Bislang konzentrieren sich touristische Grossanlagen auf die Ostküste Zanzibars, wo die vornehmlich italienischen Strandhotels zwei Drittel der 86’455 TouristInnen (1998) beherbergen. Die Folgen einer unangepassten Planung zeigen sich hier bereits deutlich: das Abholzen der Mangroven und das Verbauen der Uferzone haben die Brutplätze der Meeresschildkröten vielerorts zerstört und die Küstenerosion derart verstärkt, dass einige Hotels zusammenzustürzen drohen. Schulkinder müssen zudem lange Umwege in Kauf nehmen, weil Hotelanlagen den früheren Schulweg versperren. Zur Zeit untersucht das Justizministerium Zanzibars, inwieweit die Hotels der Ostküste als Drehscheibe des Drogenhandels fungieren.
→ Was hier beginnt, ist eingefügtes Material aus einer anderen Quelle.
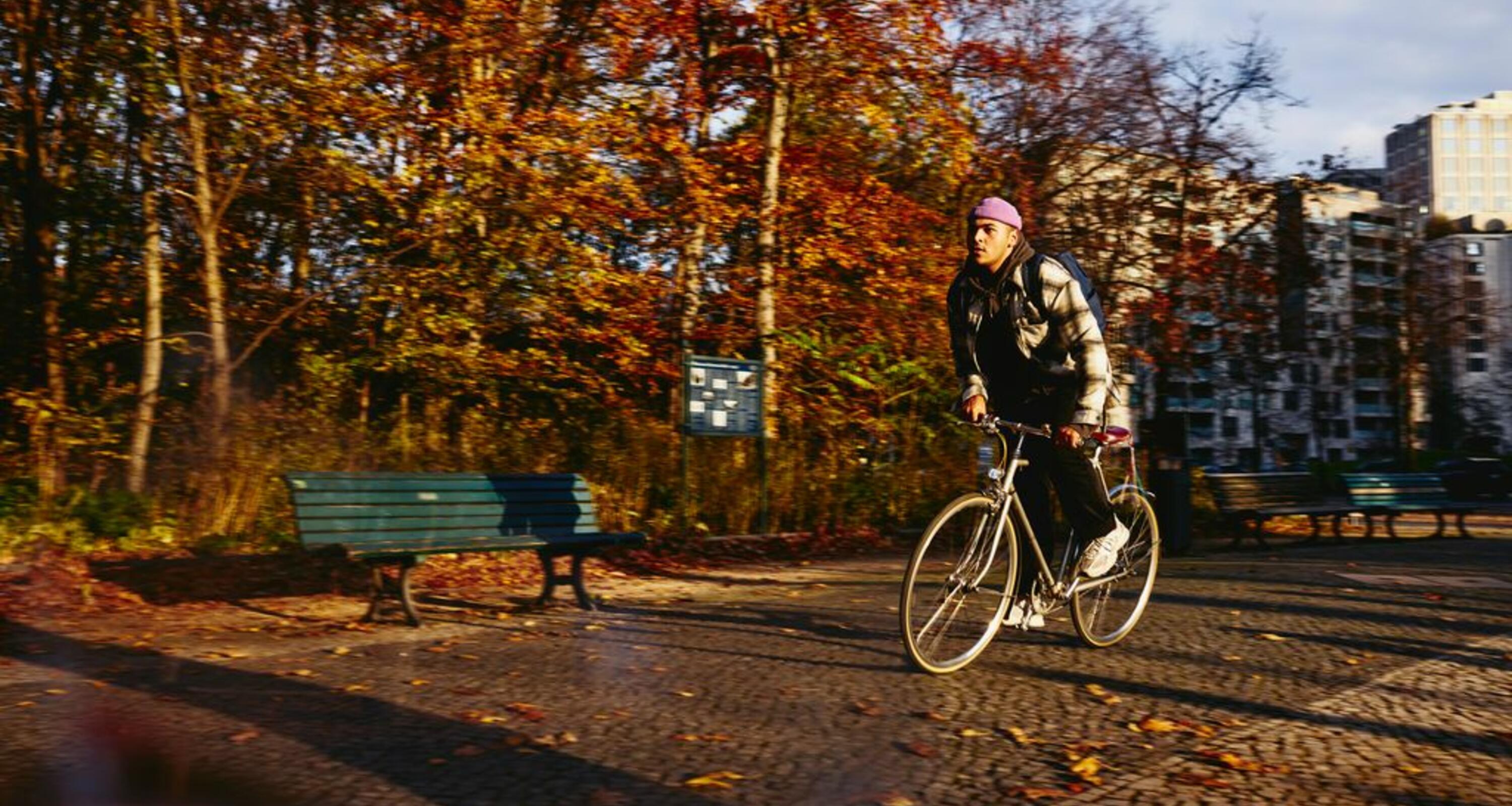 Cycling man, autumn trees and office buildings on the background.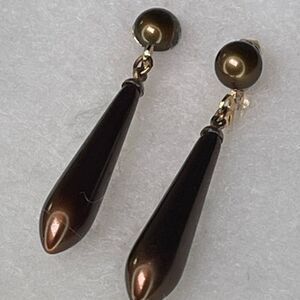 Vintage dangle drop torpedo shaped bronze earrings. Midcentury clip style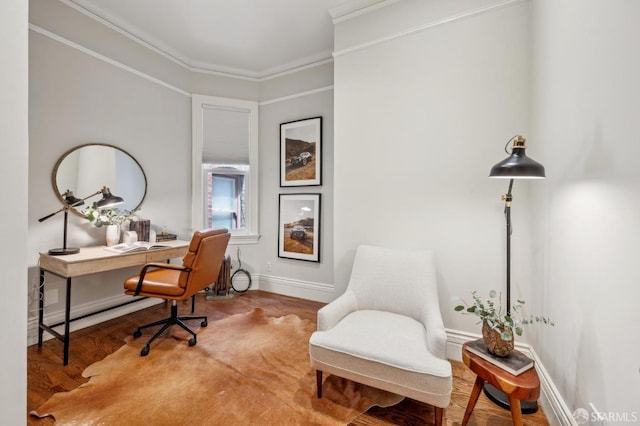 home office with crown molding, baseboards, and wood finished floors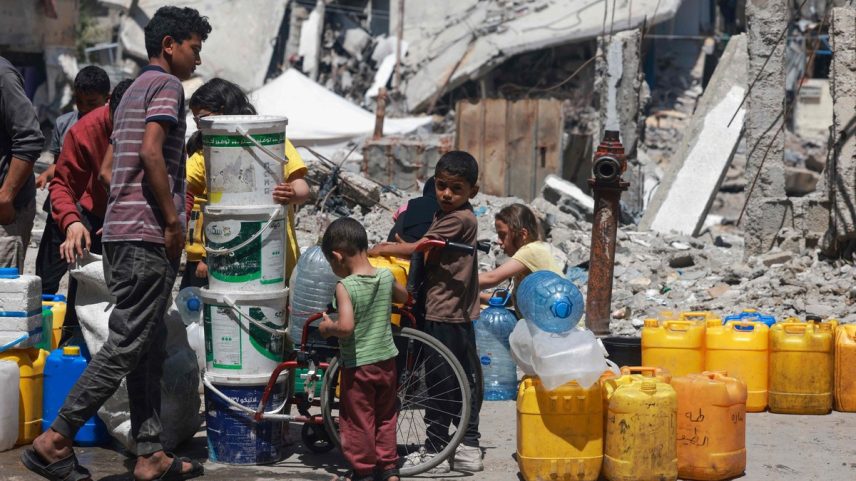 Palestinos fazem fila para encher seus contêineres com água em Rafah, na Faixa de Gaza (Foto: MOHAMMED ABED / AFP)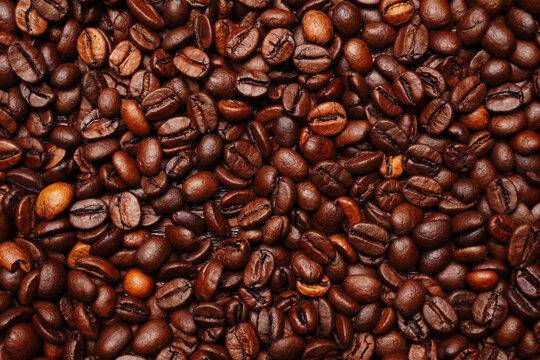 Roasted coffee beans texture background flat lay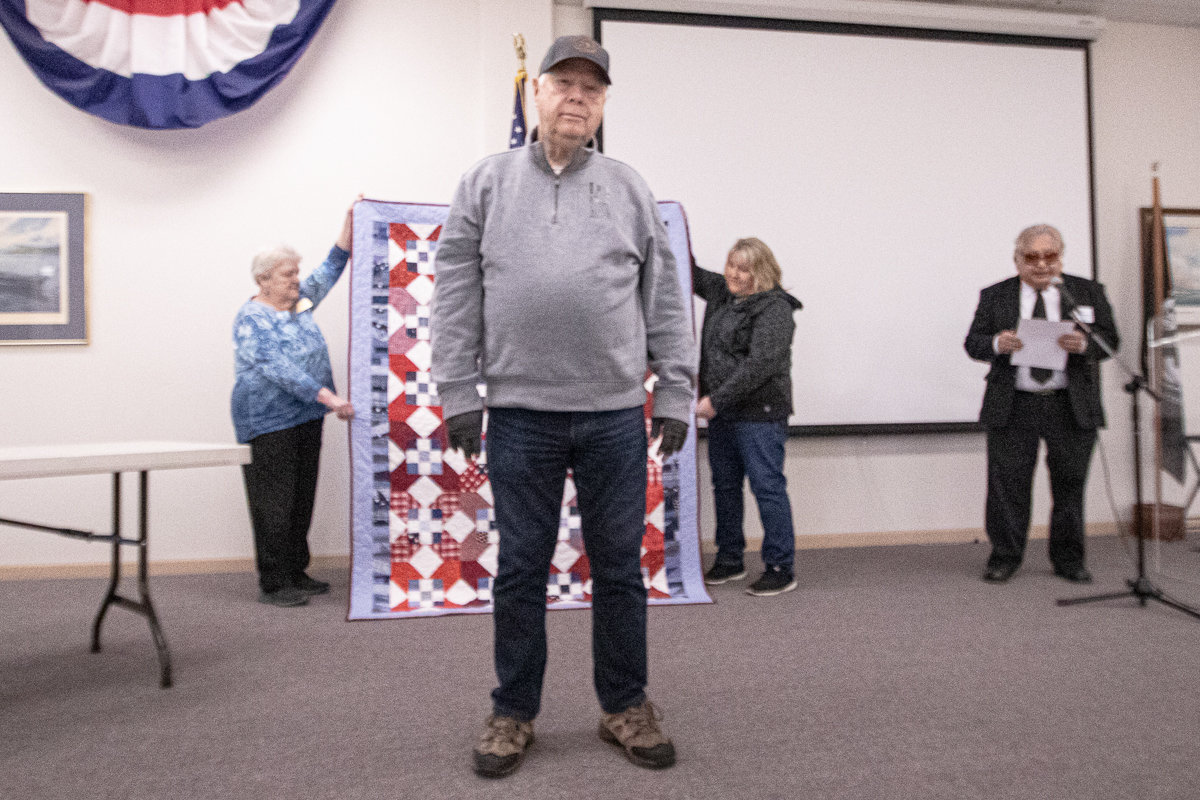 Navy veteran Ron Jennings prepares to recieve his handmade quilt from the Veterans Memorial Museum Quilts of Valor chapter Thursday afternoon.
Es ist zu hoffen, dass diese Entwicklungen der Halbinsel Nungwi erspart bleiben. /frei

Quellen: The Guardian, 5.10.1999; The East African 28.6.-4.7.1999; Financial Times 8./9.5.1999; Meldungen auf http://news.africaonline.nu/view.asp?ID=8946; Focus on Environment
2.12.1998 (http://ippmedia.com/newspapers/environment1.asp); eigene Recherchen.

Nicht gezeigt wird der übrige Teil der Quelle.